Reviewed by Jessica Nicholas
THEATRE
Your Name Means Dream ★★★★
Red Stitch, until Nov 24
Who isn’t worried about losing your job to advances in robotics and the pursuit of AI? Of all careers, you’d think actors would be future-proof from the rise of the replicants, although I’ve been a critic long enough to have seen a lifelike android from Japan onstage. It was beautiful and creepy, diving deep into the so-called “uncanny valley” between human life and an obvious simulacrum of it, it yet posed no threat to a skilled performer. If Lucy Ansell’s astonishing performance as a robot carer in José Rivera’s Your Name Means Dream is anything to go by, it is androids who should be paranoid.

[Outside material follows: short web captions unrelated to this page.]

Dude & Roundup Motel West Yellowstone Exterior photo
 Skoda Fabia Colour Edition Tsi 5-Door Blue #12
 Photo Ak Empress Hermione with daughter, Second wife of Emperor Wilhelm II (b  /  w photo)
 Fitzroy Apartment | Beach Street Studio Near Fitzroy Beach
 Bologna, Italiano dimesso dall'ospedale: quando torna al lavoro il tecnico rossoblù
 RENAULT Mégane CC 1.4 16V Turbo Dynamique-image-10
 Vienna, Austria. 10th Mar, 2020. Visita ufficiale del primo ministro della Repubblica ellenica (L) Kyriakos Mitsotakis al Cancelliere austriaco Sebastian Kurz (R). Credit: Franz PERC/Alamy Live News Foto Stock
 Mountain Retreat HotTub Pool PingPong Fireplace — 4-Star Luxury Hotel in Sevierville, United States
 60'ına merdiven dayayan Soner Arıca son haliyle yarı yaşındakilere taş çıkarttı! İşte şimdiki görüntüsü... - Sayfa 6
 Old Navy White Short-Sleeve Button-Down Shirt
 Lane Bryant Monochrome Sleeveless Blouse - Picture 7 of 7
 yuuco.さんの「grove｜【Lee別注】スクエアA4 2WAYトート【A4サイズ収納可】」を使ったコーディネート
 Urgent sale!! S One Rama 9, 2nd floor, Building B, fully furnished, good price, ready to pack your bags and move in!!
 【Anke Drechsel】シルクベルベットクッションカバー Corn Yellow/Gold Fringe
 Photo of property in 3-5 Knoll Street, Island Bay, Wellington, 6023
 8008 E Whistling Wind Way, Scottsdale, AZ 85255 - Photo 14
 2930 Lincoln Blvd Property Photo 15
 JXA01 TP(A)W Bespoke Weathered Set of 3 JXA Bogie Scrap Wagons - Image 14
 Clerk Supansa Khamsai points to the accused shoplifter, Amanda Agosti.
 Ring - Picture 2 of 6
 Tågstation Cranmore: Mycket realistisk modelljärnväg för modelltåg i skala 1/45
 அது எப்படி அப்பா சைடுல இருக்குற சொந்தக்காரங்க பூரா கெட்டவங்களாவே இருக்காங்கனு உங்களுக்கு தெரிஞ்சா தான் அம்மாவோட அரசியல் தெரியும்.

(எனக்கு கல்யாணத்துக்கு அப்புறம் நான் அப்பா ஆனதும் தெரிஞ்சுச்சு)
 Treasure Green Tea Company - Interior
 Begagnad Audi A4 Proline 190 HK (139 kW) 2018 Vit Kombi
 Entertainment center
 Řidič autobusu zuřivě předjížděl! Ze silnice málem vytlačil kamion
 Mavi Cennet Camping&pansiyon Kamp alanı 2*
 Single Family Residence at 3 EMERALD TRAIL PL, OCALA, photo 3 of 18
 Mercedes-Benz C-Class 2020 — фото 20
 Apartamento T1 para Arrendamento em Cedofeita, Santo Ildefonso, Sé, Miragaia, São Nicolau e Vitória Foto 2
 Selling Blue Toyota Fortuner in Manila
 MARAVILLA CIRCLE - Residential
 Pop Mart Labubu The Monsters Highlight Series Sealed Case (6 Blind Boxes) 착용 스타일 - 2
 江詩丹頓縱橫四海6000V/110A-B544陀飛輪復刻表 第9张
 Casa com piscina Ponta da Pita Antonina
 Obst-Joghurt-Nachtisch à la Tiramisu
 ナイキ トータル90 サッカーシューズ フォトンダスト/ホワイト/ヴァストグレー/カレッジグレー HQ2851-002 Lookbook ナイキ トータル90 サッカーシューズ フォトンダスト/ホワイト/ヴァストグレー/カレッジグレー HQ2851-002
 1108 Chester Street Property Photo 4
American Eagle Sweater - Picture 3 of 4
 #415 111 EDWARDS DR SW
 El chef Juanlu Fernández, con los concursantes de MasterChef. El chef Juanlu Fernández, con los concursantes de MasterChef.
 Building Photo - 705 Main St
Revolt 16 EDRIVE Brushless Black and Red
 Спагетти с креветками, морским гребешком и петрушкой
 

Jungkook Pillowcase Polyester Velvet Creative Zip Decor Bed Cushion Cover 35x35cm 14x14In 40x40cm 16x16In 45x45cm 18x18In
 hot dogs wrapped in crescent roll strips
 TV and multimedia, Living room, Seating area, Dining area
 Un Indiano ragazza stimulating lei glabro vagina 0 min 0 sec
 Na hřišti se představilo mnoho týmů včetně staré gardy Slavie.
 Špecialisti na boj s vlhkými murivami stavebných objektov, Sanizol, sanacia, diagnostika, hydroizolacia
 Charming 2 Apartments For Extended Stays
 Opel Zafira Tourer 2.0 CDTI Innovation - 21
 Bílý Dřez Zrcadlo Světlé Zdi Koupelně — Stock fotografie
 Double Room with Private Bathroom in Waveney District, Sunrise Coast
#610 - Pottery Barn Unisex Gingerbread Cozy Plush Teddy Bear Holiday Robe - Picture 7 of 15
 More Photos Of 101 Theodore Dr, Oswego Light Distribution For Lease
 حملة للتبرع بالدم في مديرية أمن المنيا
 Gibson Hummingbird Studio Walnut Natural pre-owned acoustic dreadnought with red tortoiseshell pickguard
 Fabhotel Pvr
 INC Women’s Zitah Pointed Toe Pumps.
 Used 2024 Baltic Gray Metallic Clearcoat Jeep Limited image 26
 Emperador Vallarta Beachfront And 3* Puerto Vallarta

This sci-fi two-hander takes us into a claustrophobic apartment in a dystopian future New York. Aislin (Caroline Lee) is an ageing, potty-mouthed addict, a grieving and embittered woman who has shut herself off from the world. Her rich son cannot – or does not want to – have her in his life, so he pulls strings to purchase Stacy (Ansell), a prototype care-bot from the ominously named megacorporation, Singularity, to keep her company and meet her every need.
Hilarious conflict ensues as a pissed-off Aislin hurls torrents of invective at Stacy and marshals every argument under the sun against the arrangement. She will not be making friends with a toaster, and nothing Stacy could ever do can substitute for the love and care and human companionship her no-good son should provide. Or can it? Ansell’s almost trans-human talent genuinely makes you wonder.
It’s a fascinating acting challenge. Stacy’s a lopsided creature. She far outstrips human capacities that can be reproduced through raw data. She knows every joke ever told, every song ever sung. She can perfectly imitate rock legends or recite Walt Whitman’s entire corpus or teach Aislin to waltz. And yet she relies for her personality and effectiveness on machine learning from Lee’s spiky and self-destructive curmudgeon.
The intricate emotional (and deeply philosophical) dance that develops between them is a histrionic feat no technology could ever replicate. It’s arresting theatre. All kinds of human ugliness underscore the fragile beauty.
There are echoes of slavery in Rivera’s world-building, and gangs of humans roaming the streets murdering androids. There’s the controversial “approximation of soul” software denounced by the Pope, or Stacy’s body memories of her previous incarnation as a sex bot.
Given the brilliance of the first two-thirds of this play, it’s a shame Rivera’s ending has such a gloss of predictable sentiment. Not saying a machine could have written it, but it doesn’t feel entirely organic or dramatically satisfying. Still, this production, guided by the sure intuitions of director Kat Henry, sports rich and profoundly imagined performances as good as you’ll see anywhere in the world. Only human artists at the top of their game can make theatre as electric as this.